Data Cleaning with R and the Tidyverse: Detecting Missing Values

John Sullivan
Towards Data Science
13 min readMar 21, 2019

--

Data cleaning is one of the most important aspects of data science.

As a data scientist, you can expect to spend up to 80% of your time cleaning data.

In a previous post I walked through a number of data cleaning tasks using Python and the Pandas library.

That post got so much attention, I wanted to follow it up with an example in R.

In this post you’ll learn how to detect missing values using the tidyr and dplyr packages from the Tidyverse.

The Tidyverse is the best collection of R packages for data science, so you should become familiar with it.

Getting Started

A good way to start any data science project is to get a feel for the data.

This is just a quick look to see the variable names and expected variable types. Looking at the dimensions of the data is also useful.

Exploratory data analysis (EDA) is extremely important, so it deserves its own blog post. We won’t go over a full EDA in this article.

Before we get started, head on over to our github page to grab a copy of the data. Make sure to put a copy in the same working directory where your R code will be.

Here’s a quick look at our data:

This is a small customer churn dataset.

For purposes of learning, this dataset shows some great real-world examples of missing values.

To start, load the tidverse library and read in the csv file.

library(tidyverse)# set working directory
path_loc <- "C:/Users/Jonathan/Desktop/data cleaning with R post"
setwd(path_loc)
# reading in the data
df <- read_csv("telecom.csv")

Usually the data is read in to a dataframe, but the tidyverse actually uses tibbles.

These are similar to dataframes, but also slightly different. To learn more about tibbles, check out this chapter from R for Data Science.

I like to use the glimpse function to look at the variable names and types.

# taking a quick look
glimpse(df)
> glimpse(df)
Observations: 10
Variables: 5
$ customerID chr "7590-VHVEG", "5575-GNVDE", "3668-QPYBK", "7...
$ MonthlyCharges dbl 29.85, 56.95, NA, 42.30, 70.70, NaN, 89.10, ...
$ TotalCharges chr "109.9", "na", "108.15", "1840.75", NA, "820...
$ PaymentMethod chr "Electronic check", "Mailed check", "--", "B...
$ Churn chr "yes", "yes", "yes", "no", "no", "yes", "no"...

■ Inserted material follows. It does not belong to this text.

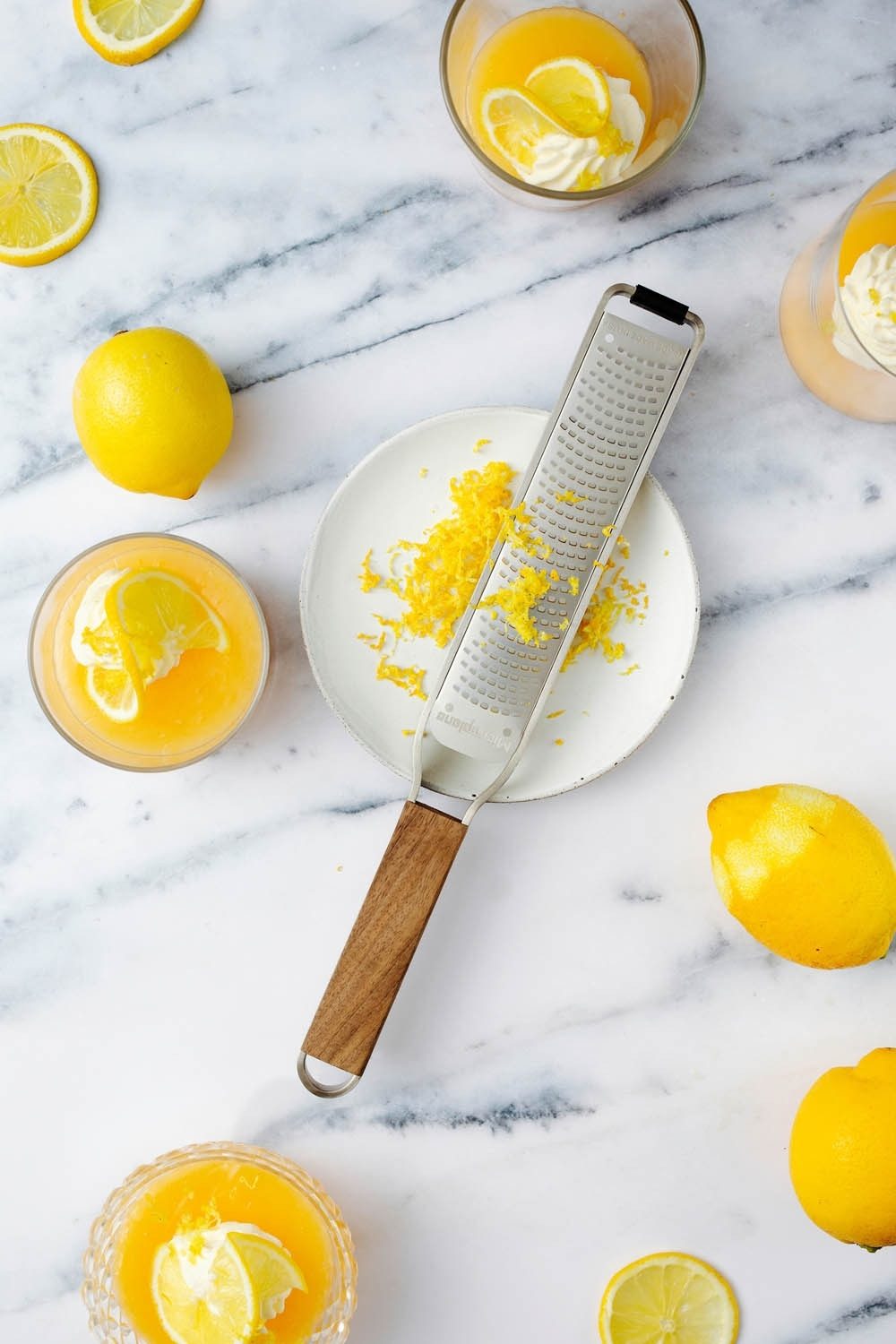 Microplane Küchenreibe Zesterreibe MASTER, L 31 cm, Braun, Walnussholz, Edelstahl, Gummi, Walnussholz, mit feiner Reibe und Gummifuß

We can see that there’s 5 variables.

  • customerID
  • MonthlyCharges
  • TotalCharges
  • PaymentMethod
  • Churn

There’s also a description of the type for each variable:

  • customerID: chr which stands for character, another name for a string
  • MonthlyCharges: dbl which stands for double, which is a numeric type
  • TotalCharges: chr character
  • PaymentMethod: chrcharacter
  • Churn: chrcharacter

There’s 10 observations, which means there’s 10 rows of data.

Now that we’ve taken a quick look to become familiar with the data, let’s go over some basic data manipulation.

A Grammar of Data Manipulation: dplyr

Before we get started with missing values, let’s go over the dplyr library.

This is just a quick introduction, so be sure to check out the official dplyr documentation as well as Chapter 5 Data Transformation from R for Data Science.

This library uses a “grammar of data manipulation” which basically means that there’s a set of functions with logical verb names for what you want to do.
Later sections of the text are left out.